• _ACTION ITEM_
After locating the line that contains "Bruce Dickinson von" in the records below, write out exactly that line and each line after it through the one that contains "Used 2023 Honda Pilot Touring image 4", and nothing else.

• _RECORD EXTRACTS_

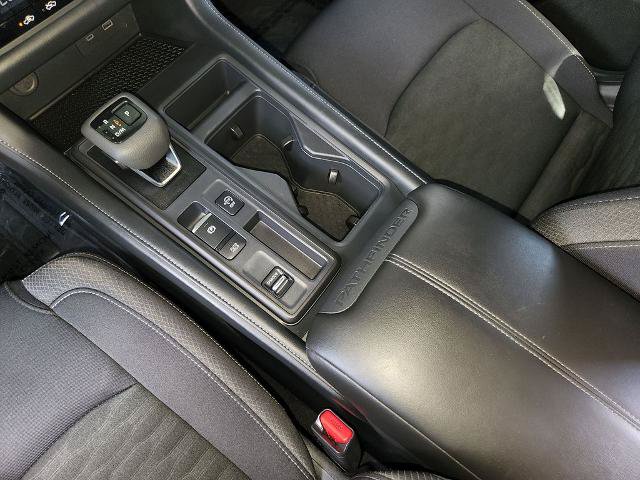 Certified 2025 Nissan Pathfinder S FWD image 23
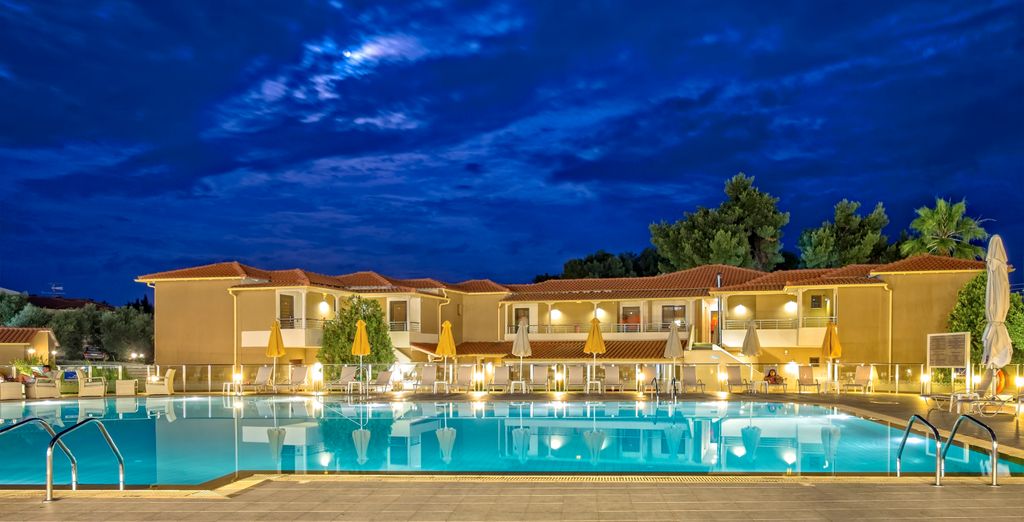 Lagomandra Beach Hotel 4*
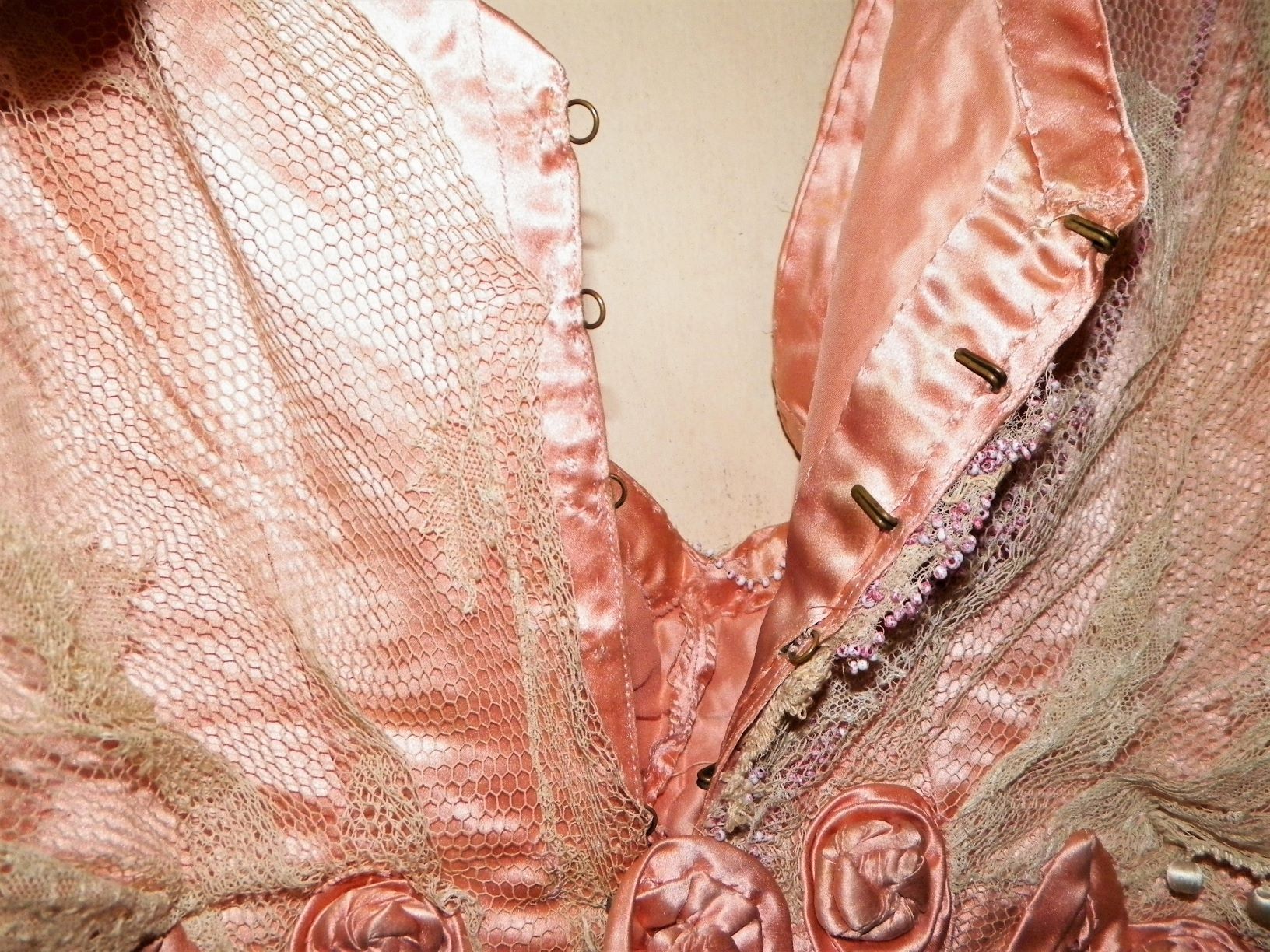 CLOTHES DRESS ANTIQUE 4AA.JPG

--

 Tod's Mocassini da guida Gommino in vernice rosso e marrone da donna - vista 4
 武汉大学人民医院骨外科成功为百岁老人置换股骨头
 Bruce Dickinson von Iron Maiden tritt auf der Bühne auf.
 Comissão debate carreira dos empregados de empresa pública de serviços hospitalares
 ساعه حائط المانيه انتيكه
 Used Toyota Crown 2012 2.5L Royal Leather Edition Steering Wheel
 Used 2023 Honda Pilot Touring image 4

• _SOLVED EXERCISE_
 Bruce Dickinson von Iron Maiden tritt auf der Bühne auf.
 Comissão debate carreira dos empregados de empresa pública de serviços hospitalares
 ساعه حائط المانيه انتيكه
 Used Toyota Crown 2012 2.5L Royal Leather Edition Steering Wheel
 Used 2023 Honda Pilot Touring image 4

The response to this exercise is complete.